■ **RECORDS**:
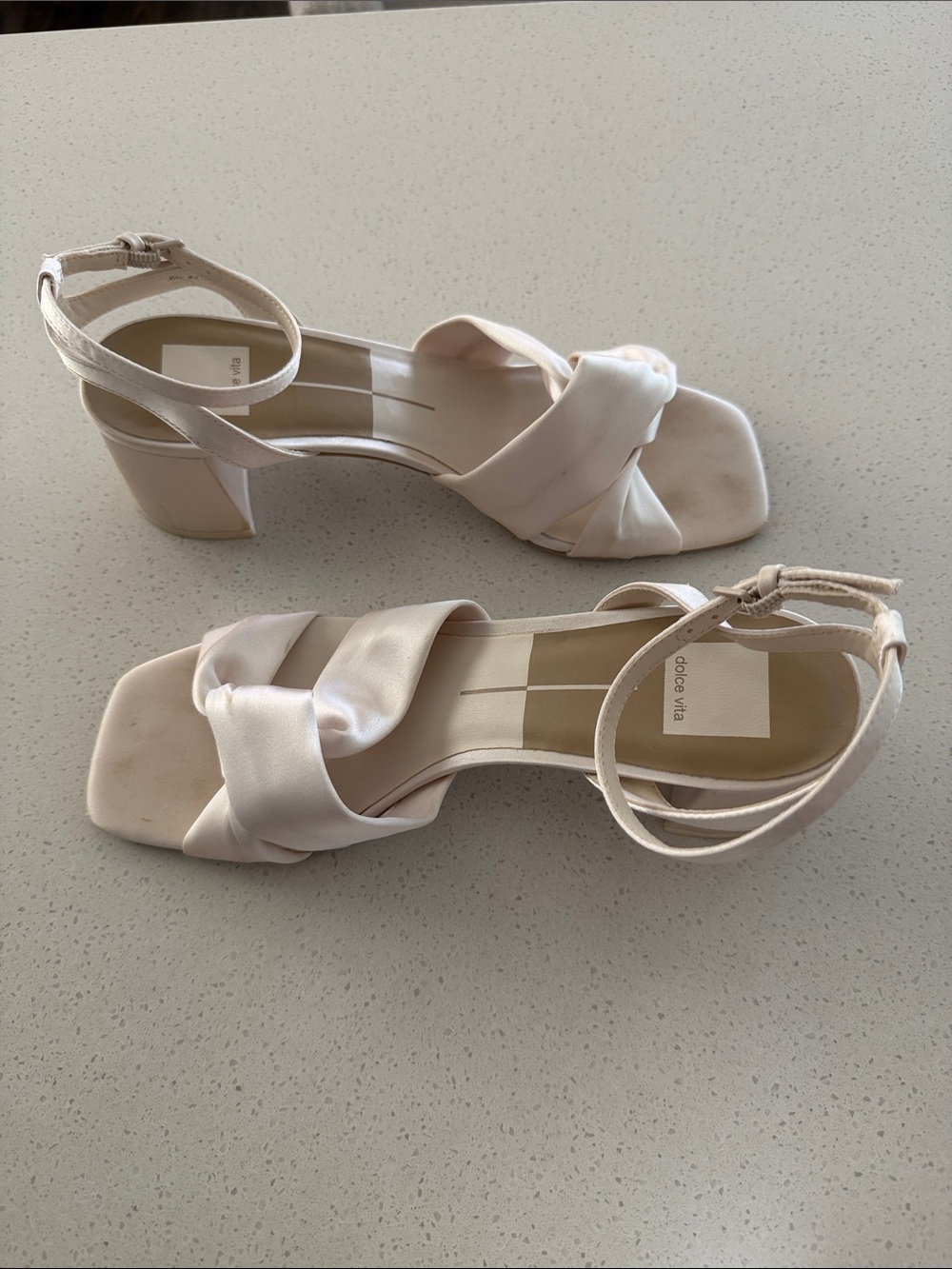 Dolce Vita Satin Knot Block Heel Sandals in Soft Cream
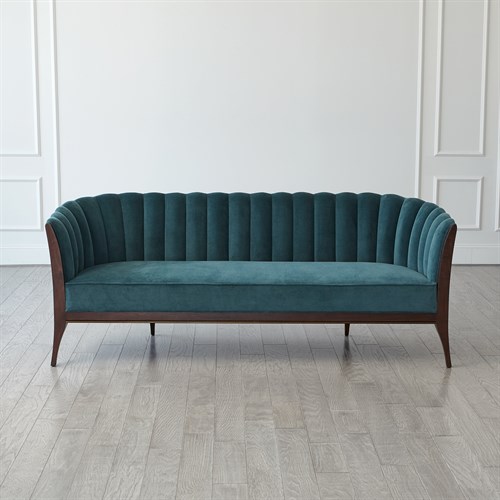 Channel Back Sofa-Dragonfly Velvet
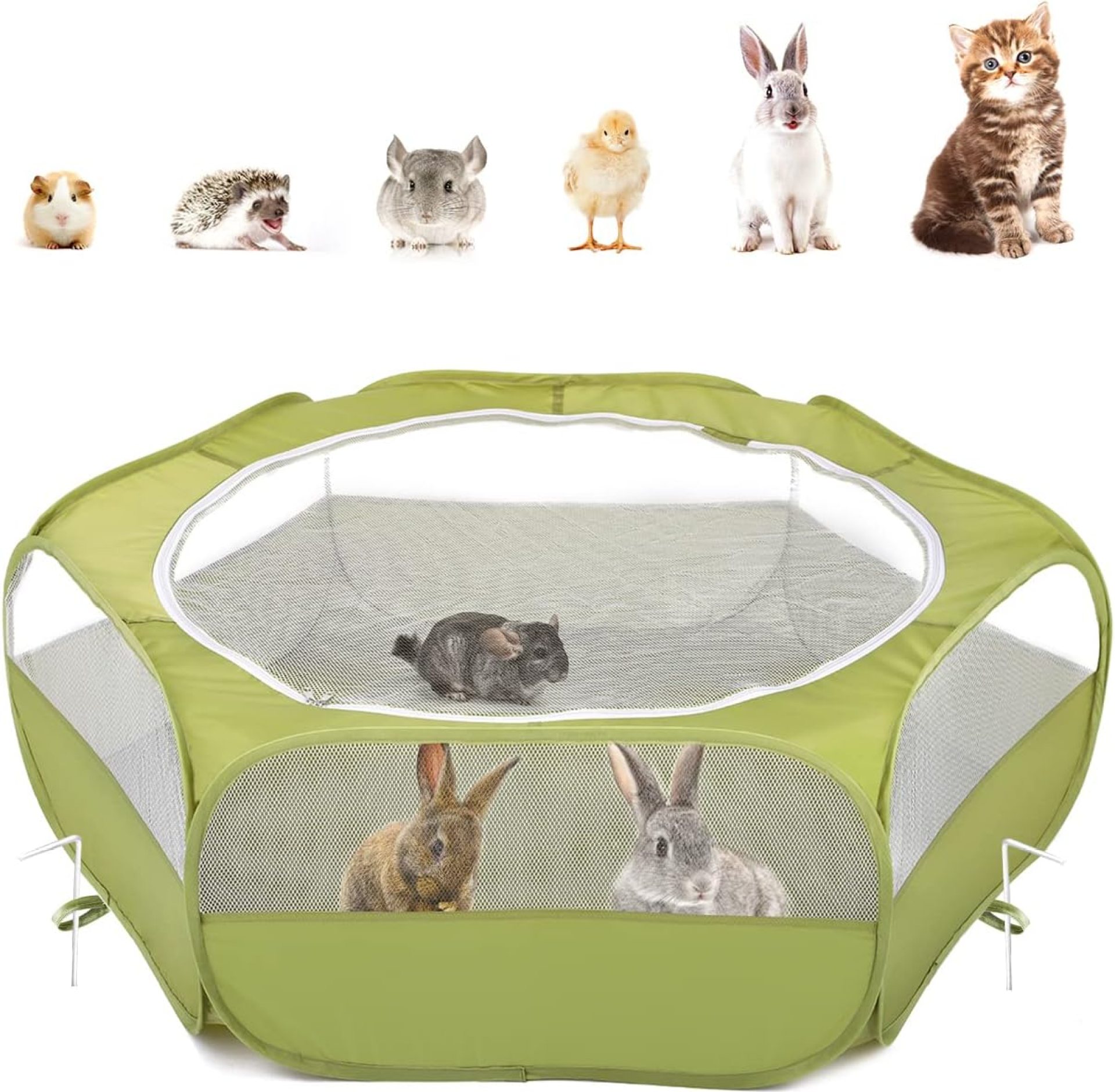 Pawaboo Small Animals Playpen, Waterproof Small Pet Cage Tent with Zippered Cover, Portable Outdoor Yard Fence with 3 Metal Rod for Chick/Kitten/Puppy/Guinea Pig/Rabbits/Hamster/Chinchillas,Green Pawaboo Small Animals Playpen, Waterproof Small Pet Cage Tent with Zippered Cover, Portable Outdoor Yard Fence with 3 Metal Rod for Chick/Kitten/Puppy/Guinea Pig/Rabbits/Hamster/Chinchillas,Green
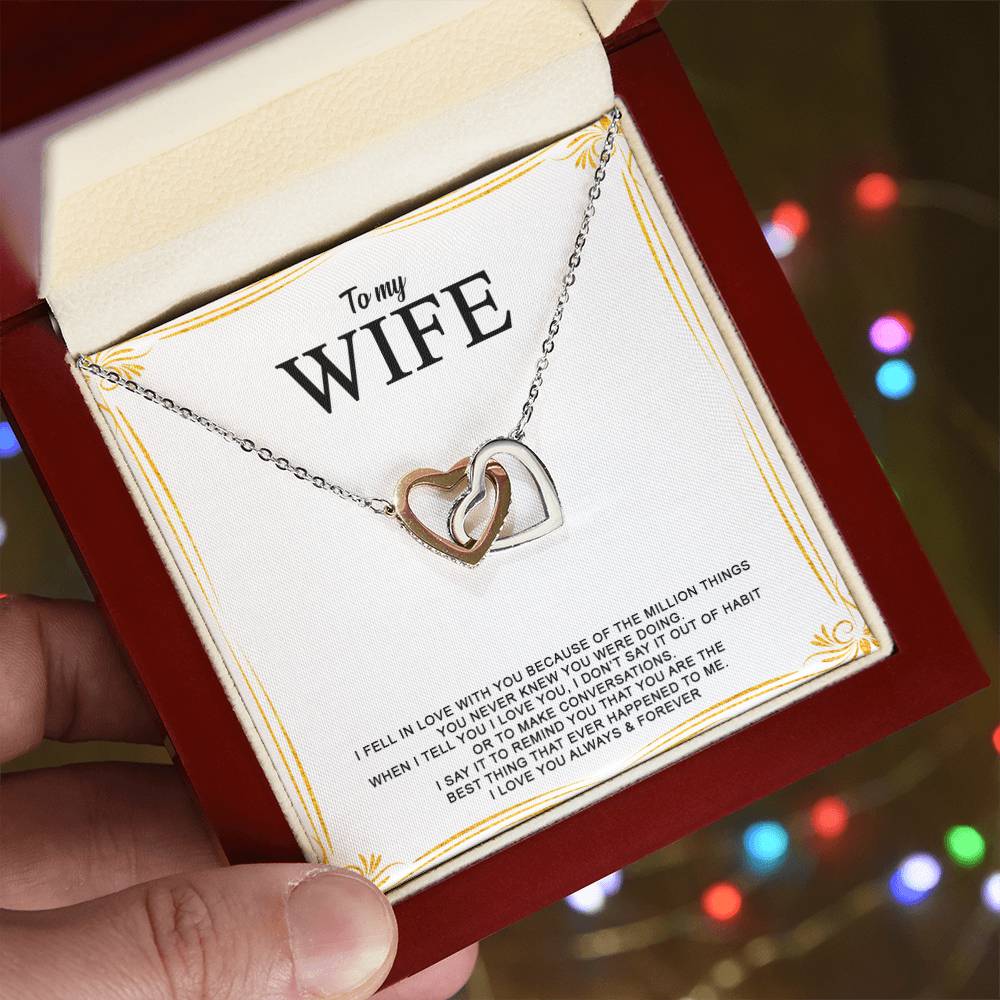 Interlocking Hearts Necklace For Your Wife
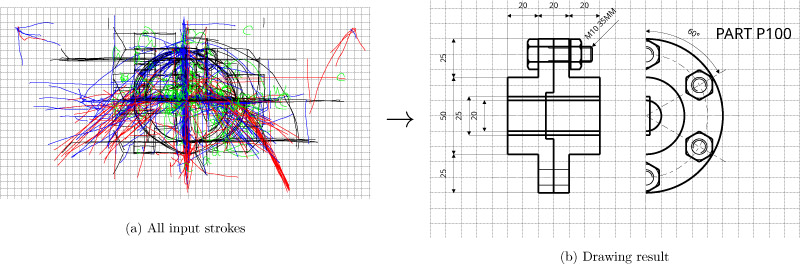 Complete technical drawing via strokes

■ **EXERCISE GOAL**:
Give exactly the lines above that run from the line with "Pig/Rabbits/Hamster/Chinchillas,Green Pawaboo Small" to the line with "Interlocking Hearts Necklace For Your Wife", both included, leaving every picture out.

■ **ANSWER FOR THIS EXERCISE**:
 Pawaboo Small Animals Playpen, Waterproof Small Pet Cage Tent with Zippered Cover, Portable Outdoor Yard Fence with 3 Metal Rod for Chick/Kitten/Puppy/Guinea Pig/Rabbits/Hamster/Chinchillas,Green Pawaboo Small Animals Playpen, Waterproof Small Pet Cage Tent with Zippered Cover, Portable Outdoor Yard Fence with 3 Metal Rod for Chick/Kitten/Puppy/Guinea Pig/Rabbits/Hamster/Chinchillas,Green
 Interlocking Hearts Necklace For Your Wife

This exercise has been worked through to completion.